Анжи зажмурилась. Куда бы его послать, чтобы он больше не приставал? На Луну, за целебным порошком?

– К тебе никто ночью не приходил? – высунула она из-под одеяла кончик носа.

– Лентяй, что ли, опять шлялся со своим Тургеневым? Ты мне скажи, я ему в лоб дам. Сыграет он у меня в Муму!

– А твой Иван Иванович – настоящий или привидение?

Спросила она зря – и так было понятно, что Воробей ни во что такое потустороннее не верит. Но очень уж хотелось убедиться, что все эти кошмары – самые обыкновенные сны, навеянные событиями последних дней.

– Да ну вас с вашими привидениями, – зло усмехнулся Джек. – Глеб тоже все с этой идеей носится – найти разрыв-траву. Это сказки!

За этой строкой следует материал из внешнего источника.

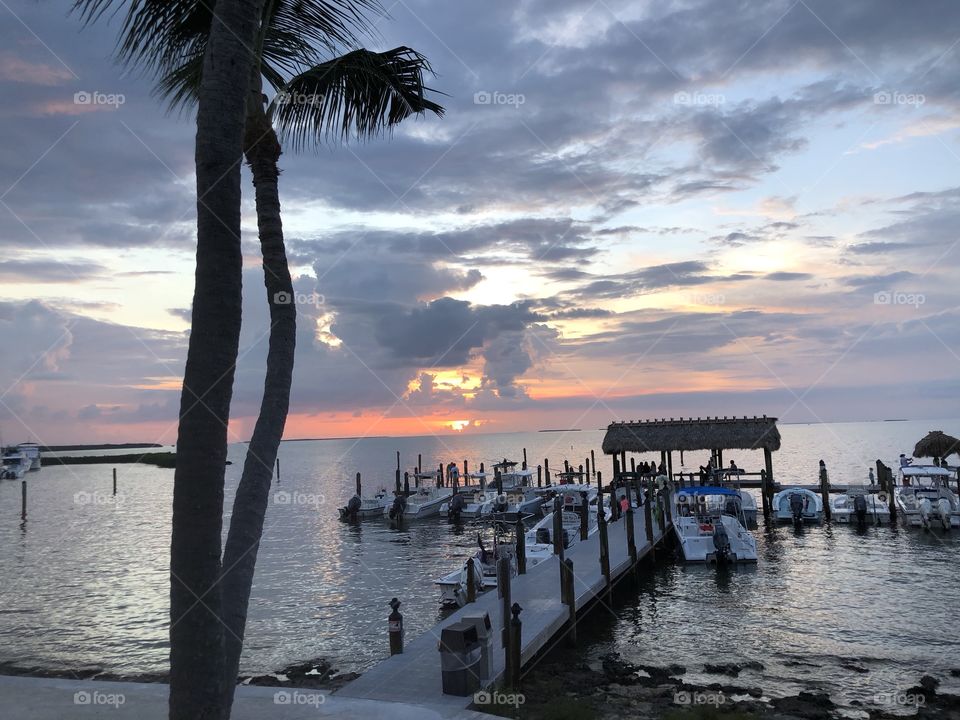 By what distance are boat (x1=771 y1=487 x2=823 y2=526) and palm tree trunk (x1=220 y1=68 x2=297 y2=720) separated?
4084 centimetres

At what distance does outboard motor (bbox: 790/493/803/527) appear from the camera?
4047 centimetres

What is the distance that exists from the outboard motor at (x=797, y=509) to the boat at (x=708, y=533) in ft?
18.5

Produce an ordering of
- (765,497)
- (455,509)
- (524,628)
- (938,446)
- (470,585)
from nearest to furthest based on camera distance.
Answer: (524,628) < (470,585) < (765,497) < (938,446) < (455,509)

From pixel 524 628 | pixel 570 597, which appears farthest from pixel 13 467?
pixel 524 628

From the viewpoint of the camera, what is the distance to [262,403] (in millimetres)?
6676

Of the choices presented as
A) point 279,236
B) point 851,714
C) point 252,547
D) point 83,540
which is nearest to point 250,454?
point 252,547

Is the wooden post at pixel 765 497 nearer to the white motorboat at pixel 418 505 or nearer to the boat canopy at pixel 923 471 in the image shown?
the boat canopy at pixel 923 471

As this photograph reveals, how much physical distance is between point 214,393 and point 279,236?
2995mm

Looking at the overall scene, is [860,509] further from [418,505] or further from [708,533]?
[418,505]

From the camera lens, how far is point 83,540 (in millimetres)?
48375

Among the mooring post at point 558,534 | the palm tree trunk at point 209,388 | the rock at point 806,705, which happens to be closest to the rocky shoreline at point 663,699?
the rock at point 806,705

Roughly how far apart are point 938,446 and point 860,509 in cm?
1279

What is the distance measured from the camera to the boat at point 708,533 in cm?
3053

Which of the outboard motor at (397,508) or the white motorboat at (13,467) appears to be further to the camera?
the white motorboat at (13,467) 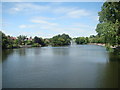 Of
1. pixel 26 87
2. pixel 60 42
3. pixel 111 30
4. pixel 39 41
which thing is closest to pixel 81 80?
pixel 26 87

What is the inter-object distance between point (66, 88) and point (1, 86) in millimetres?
2365

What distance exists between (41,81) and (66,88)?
116 cm

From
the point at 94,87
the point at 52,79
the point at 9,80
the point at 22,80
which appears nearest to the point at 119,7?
the point at 94,87

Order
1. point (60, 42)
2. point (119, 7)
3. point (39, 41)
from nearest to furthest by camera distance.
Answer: point (119, 7), point (39, 41), point (60, 42)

– Сказки, – кивнула Анжи, глубже вдавливаясь в жалобно скрипнувшие пружины дивана.

Воробей еще немного повисел на подоконнике, но, не дождавшись никакого ответного движения, пошел восвояси.

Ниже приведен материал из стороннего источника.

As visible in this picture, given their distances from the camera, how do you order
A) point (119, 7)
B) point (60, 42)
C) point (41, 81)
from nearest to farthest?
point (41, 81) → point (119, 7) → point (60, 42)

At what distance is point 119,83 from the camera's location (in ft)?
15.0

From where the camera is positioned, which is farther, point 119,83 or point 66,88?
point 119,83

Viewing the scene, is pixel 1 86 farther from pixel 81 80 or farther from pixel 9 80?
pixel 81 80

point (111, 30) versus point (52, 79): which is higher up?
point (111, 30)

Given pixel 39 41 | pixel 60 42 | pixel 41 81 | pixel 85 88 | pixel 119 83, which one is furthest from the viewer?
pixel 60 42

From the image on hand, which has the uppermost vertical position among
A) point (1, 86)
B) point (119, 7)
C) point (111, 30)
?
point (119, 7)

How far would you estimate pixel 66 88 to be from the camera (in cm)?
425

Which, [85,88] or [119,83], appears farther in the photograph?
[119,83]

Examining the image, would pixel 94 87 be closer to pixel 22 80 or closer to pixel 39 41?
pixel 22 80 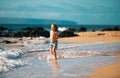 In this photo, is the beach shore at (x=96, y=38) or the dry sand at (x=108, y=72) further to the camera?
the beach shore at (x=96, y=38)

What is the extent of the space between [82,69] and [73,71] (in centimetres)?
41

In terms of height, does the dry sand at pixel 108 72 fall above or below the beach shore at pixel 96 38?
above

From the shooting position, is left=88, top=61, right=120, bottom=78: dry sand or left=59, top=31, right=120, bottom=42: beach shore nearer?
left=88, top=61, right=120, bottom=78: dry sand

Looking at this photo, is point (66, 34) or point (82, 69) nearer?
point (82, 69)

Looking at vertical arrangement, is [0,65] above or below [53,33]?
below

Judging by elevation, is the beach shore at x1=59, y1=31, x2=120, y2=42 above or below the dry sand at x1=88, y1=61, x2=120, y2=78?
below

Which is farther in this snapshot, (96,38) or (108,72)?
(96,38)

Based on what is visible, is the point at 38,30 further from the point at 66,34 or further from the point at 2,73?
the point at 2,73

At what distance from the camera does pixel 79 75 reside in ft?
24.5

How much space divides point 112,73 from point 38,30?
65.3ft

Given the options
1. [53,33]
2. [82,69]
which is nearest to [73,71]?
[82,69]

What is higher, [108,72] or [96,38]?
[108,72]

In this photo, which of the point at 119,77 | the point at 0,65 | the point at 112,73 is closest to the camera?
the point at 119,77

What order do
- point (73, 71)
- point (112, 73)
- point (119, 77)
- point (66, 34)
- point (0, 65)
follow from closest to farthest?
point (119, 77) → point (112, 73) → point (73, 71) → point (0, 65) → point (66, 34) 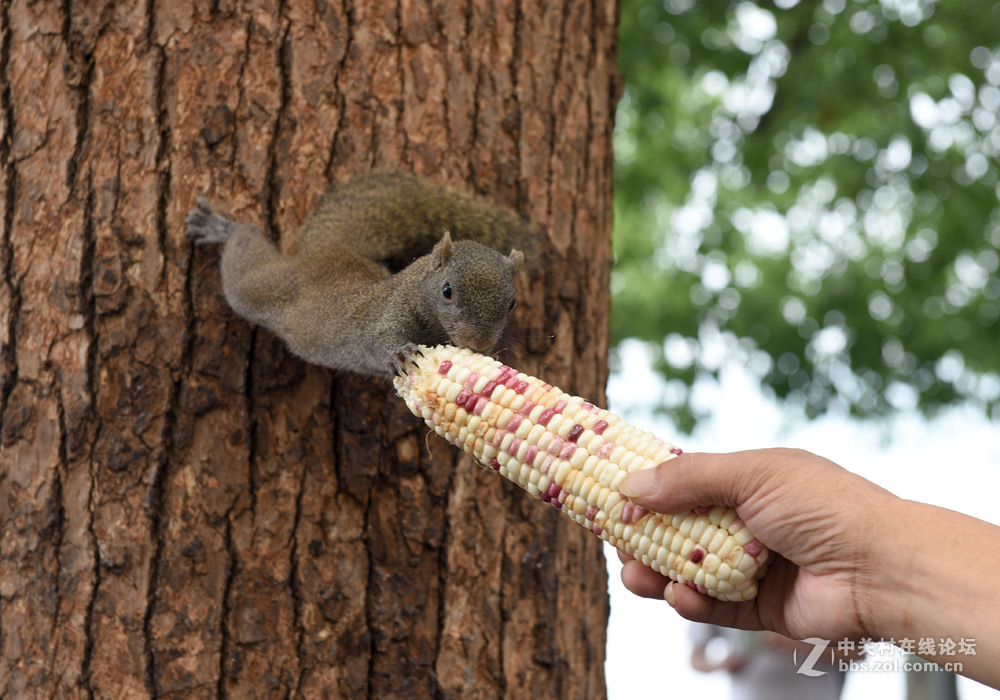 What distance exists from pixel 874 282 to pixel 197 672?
485 centimetres

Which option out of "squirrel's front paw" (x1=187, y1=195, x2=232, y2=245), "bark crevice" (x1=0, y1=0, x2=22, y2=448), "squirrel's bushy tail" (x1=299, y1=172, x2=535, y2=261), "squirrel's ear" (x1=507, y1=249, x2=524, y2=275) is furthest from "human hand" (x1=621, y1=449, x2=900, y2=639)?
"bark crevice" (x1=0, y1=0, x2=22, y2=448)

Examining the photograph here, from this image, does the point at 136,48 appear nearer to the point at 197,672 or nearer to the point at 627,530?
the point at 197,672

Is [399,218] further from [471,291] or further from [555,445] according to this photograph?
[555,445]

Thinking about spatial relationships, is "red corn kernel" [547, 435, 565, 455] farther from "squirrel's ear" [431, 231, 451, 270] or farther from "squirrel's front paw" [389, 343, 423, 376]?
"squirrel's ear" [431, 231, 451, 270]

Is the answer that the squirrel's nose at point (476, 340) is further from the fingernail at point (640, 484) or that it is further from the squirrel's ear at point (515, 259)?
the fingernail at point (640, 484)

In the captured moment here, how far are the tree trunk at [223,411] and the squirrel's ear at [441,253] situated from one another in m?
0.25

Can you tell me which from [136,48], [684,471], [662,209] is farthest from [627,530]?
[662,209]

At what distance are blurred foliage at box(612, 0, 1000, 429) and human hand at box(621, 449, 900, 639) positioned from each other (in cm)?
347

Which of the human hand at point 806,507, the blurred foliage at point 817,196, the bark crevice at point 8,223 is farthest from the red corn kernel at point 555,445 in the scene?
the blurred foliage at point 817,196

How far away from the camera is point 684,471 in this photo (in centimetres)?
138

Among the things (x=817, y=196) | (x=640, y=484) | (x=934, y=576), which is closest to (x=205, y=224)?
(x=640, y=484)

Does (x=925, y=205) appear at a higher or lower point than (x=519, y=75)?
higher

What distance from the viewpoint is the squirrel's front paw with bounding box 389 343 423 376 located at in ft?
5.57

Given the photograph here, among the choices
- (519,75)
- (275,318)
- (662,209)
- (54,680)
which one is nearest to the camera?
(54,680) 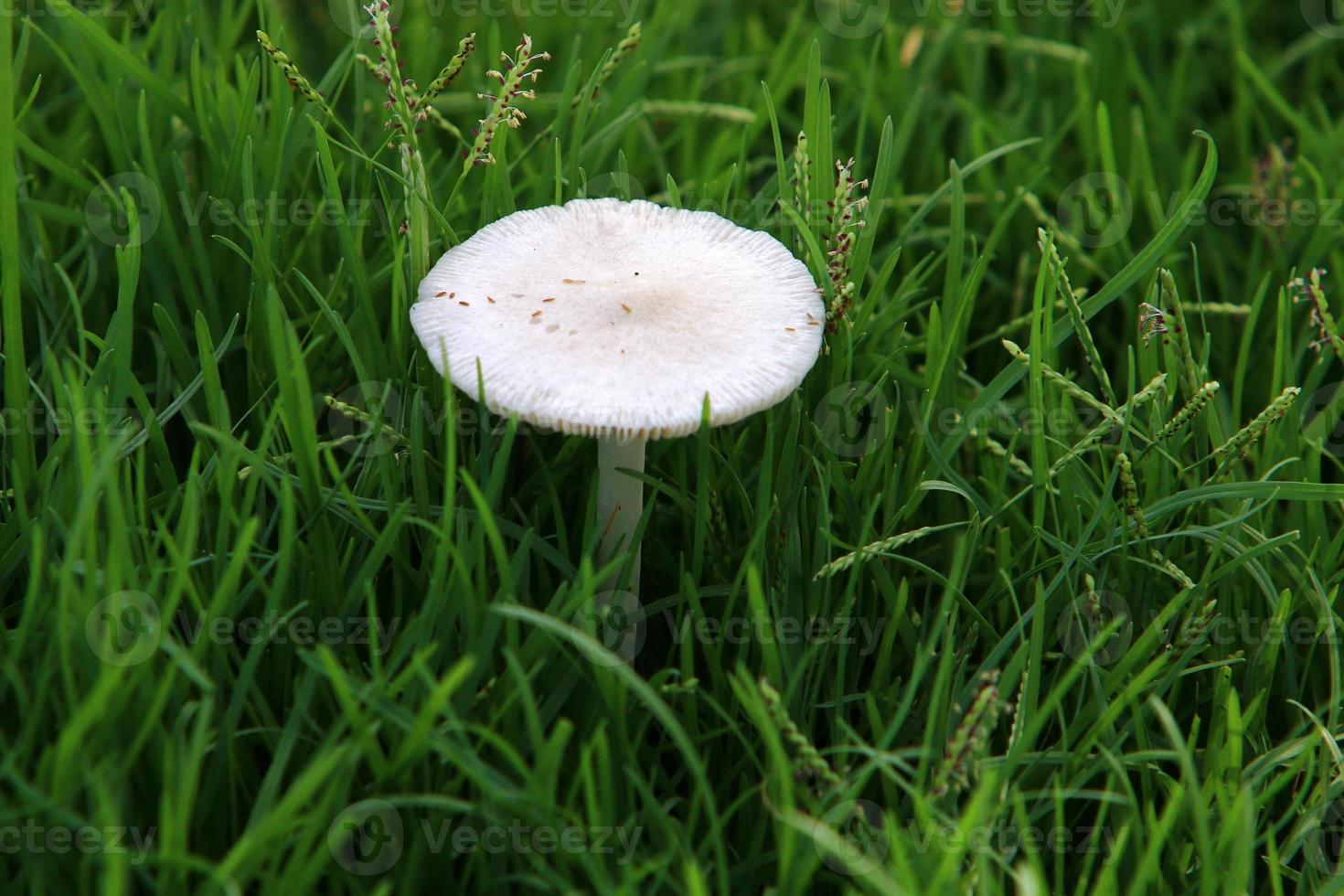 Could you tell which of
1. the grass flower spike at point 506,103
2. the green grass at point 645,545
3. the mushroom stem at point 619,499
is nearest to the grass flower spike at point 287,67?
the green grass at point 645,545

Анжи действительно время от времени проваливалась в какое-то странное оцепенение: спала – не спала, бредила – не бредила. Заходила мать, трогала ее лоб, качала головой. Появлялась и исчезала баба Ариша. С луга доносились крики и пение. Пару раз заглядывал Воробей. После него на подоконнике осталась свежая, сочная, просвечивающаяся на солнце малина и банка варенья. Мелькали еще какие-то лица. Забежал Серега, принес венок, большой, пушистый. Василек, ромашка… Размахивал руками, пытался рассказать, как здорово на лугу. А потом все пропало. Анжи осталась одна. Она снова спрятала нос в одеяло.

Приснилось ей все это или нет?

Из окна прилетел прохладный ветерок. Анжи спустила ноги с дивана. На улице было тихо. Так тихо бывает только в редкие минуты заката, когда и природа, и люди, да и все остальное вдруг замирает, понимая, что все, день кончился, можно больше не бегать, не суетиться, не гнать сок по стволу. Воздух хрустально-прозрачный, от этого кажется, что можно оттолкнуться от земли и полететь – тебя уже ничто не держит. Горизонт стремительно приближается, отчетливо видны далекие деревья и мчащаяся над головой запоздалая птица. Зелень становится особенно насыщенной, словно щедрый художник брызнул на нее дополнительной краски.

Анжи стояла коленями на диване и плыла вместе с этими облаками, этим ветерком, этими головокружительными запахами далеко-далеко. Плыла-плыла, пока кувырком не свалилась на землю.

Перед ее локтем лежала резиночка, а рядом – пучок травы, уже заметно подвядший. Травинки были одной длины, собраны вместе и перегнуты пополам. Наверху, почти около сгиба, они были перевязаны тонким стебельком. Второй стебелек перехватывал часть травинок в середине, так что оставшиеся травинки составляли как будто балахончик…

– …у куколки… – прошептала Анжи и медленно отвела травинки в сторону. Если их разделить на две части и подвязать снизу, получатся ручки. Наверное, так раньше и делали кукол – брали что было под руками, перевязывали и давали играть маленьким.